American neuroscientist

Melina Elisabeth Hale is an American neuroscientist and biomechanist. She is the dean of the College and the William Rainey Harper Professor in the Department of Organismal Biology and Anatomy, at the University of Chicago.

She studies zebrafish and other organisms to understand the role of mechanosensation in limb movement and how circuits in the brain and spinal cord control and coordinate movement more generally, in addition to their evolution.

== Education and career ==
Hale received her B.S. in Zoology from Duke University in 1992 and her Ph.D. in Organismal Biology from the University of Chicago in 1998. She is a professor of Organismal Biology and Anatomy and Neurobiology and Computational Neuroscience at the University of Chicago. She was a Postdoctoral Fellow (1998-2001) at SUNY Stony Brook in the Department of Neurobiology and a Grass Fellow (2000) at the Marine Biological Laboratory in Woods Hole, MA.

Hale has been a faculty member at the University of Chicago since 2002 and is currently the William Rainey Harper Professor in the Department of Organismal Biology and Anatomy. She has served in various administrative roles including as Dean for Faculty Affairs in the Biological Sciences Division (2013-2016) and Vice Provost (2016-). She also served as Co-Interim Director at the Marine Biological Laboratory in Woods Hole, MA from 2017-2018.

As of April 12th, 2023, Hale has been appointed as the new dean of the University of Chicago College, effective July 1st 2023. She succeeds John W Boyer, the Martin A. Ryerson Distinguished Service Professor of History, who had previously held the post for more than 30 years.

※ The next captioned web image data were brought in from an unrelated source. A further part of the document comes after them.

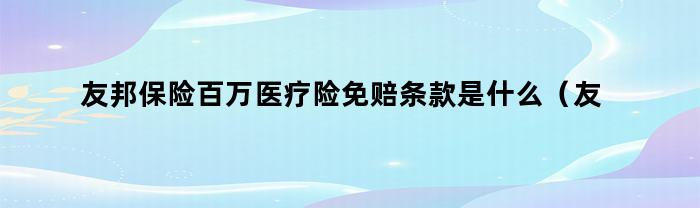 友邦保险百万医疗险免赔条款是什么（友邦百万医疗险免赔额）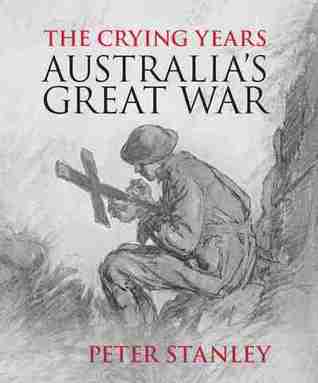 The Crying Years: Australia's Great War (Paperback)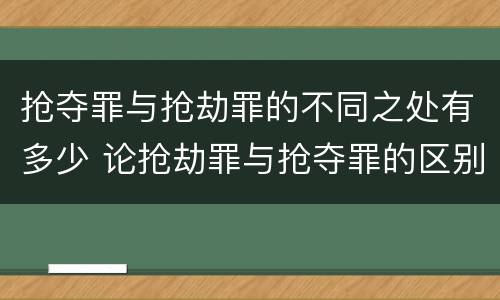 抢夺罪与抢劫罪的不同之处有多少 论抢劫罪与抢夺罪的区别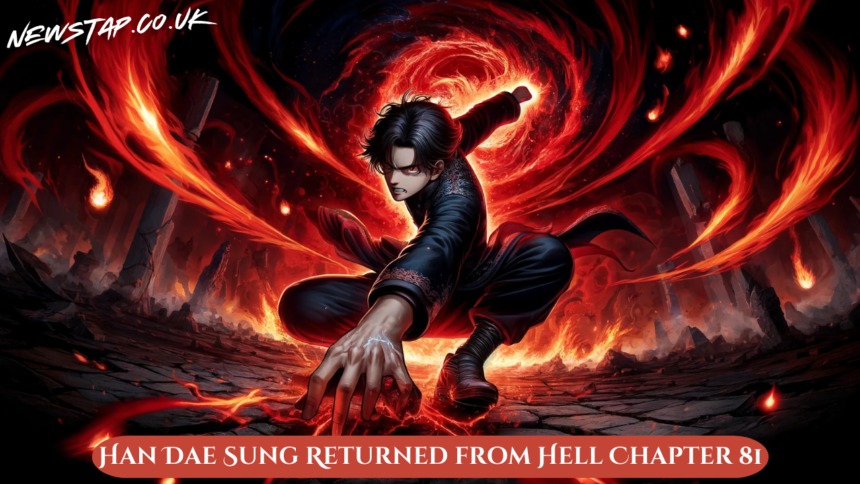 Han Dae Sung Returned from Hell Chapter 81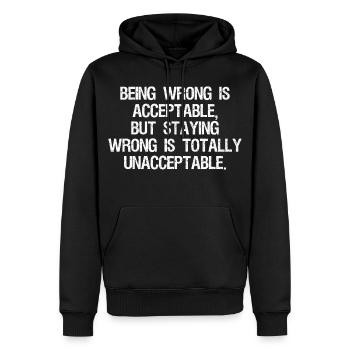 being wrong is acceptable but staying wrong is - Men’s Premium Organic Hoodie - black - Front - Nico (187cm)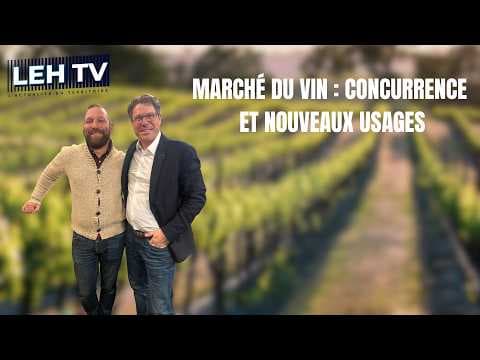 MARCHÉ DU VIN : CONCURRENCE ET NOUVEAUX USAGES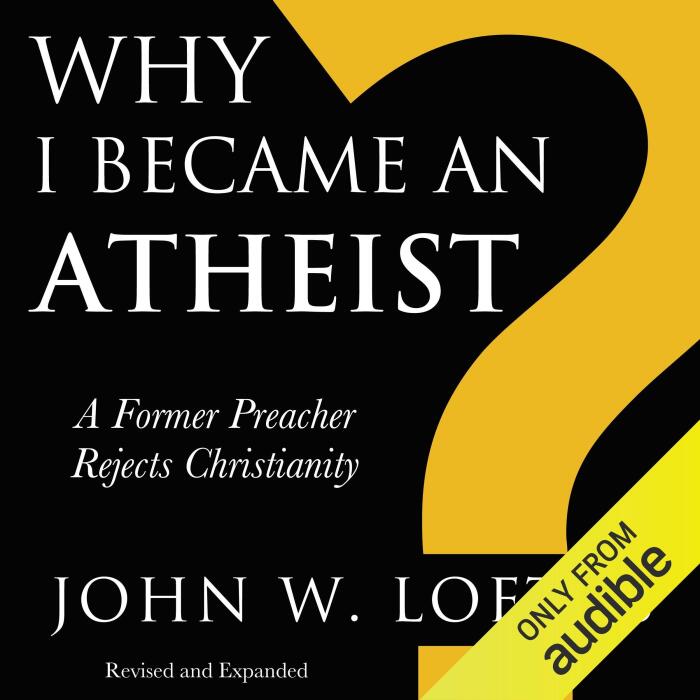 Why I Became an Atheist: A Former Preacher Rejects Christianity: Revised & Expanded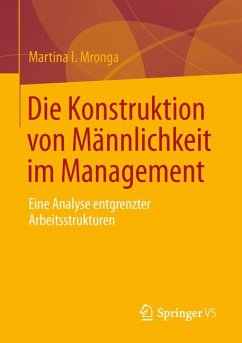 Die Konstruktion von Männlichkeit im Management (eBook, PDF) - Mronga, Martina I.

She serves as President (2021-2023) for the Society for Integrative and Comparative Biology (SICB) and has previously served as chair in the Division of Comparative Biomechanics and in other roles. She was the keynote speaker at the Southeast regional meeting of the Society for Integrative and Comparative Biology (SICB).

== Research ==
Hale's research examines fundamental principles of sensorimotor integration and movement to better understand biological neuromechanical systems and to inform the design of underwater robotic devices. Her work has been funded by the U.S. National Science Foundation and the U.S. Office of Naval Research.

In 2015, her team demonstrated that fish use fins to sense their environment in order to modulate swimming. Their work since has further refined understanding of mechanosensation in membranous fins, including 2020 published work report on encoding properties of skin mechanosensors.

== Awards ==
Hale has received the following awards:

- Wayne C. Booth Graduate Student Prize for Excellence in Teaching at the University of Chicago
- Faculty Award for Excellence in Teaching and Mentoring at the University of Chicago
- National Science Foundation CAREER Award
- National Academies/Howard Hughes Medical Institute Education Fellow
- Defense Science Study Group Fellow, Institute for Defense Analysis
- Fellow of the American Association for the Advancement of Science

== Selected works==

- Hale ME, Long JH Jr, McHenry MJ, Westneat MW. (2002) Evolution of behavior and neural control of the fast-start escape response. Evolution 56(5):993-1007.
- Bierman HS, Schriefer JE, Zottoli SJ, Hale ME. (2004) The effects of head and tail stimulation on the withdrawal startle response of the rope fish (Erpetoichthys calabaricus).J Exp Biol. 207(Pt 22):3985-97.
- Bierman HS, Zottoli SJ, Hale ME. (2009) Evolution of the Mauthner axon cap. Brain Behav Evol. 73(3):174-87.
- Liu YC, Hale ME. (2014) Alternative forms of axial startle behaviors in fishes. Zoology (Jena). 117(1):36-47.
- Hale ME. (2014) Mapping circuits beyond the models: integrating connectomics and comparative neuroscience. Neuron. 83(6):1256-8. Review.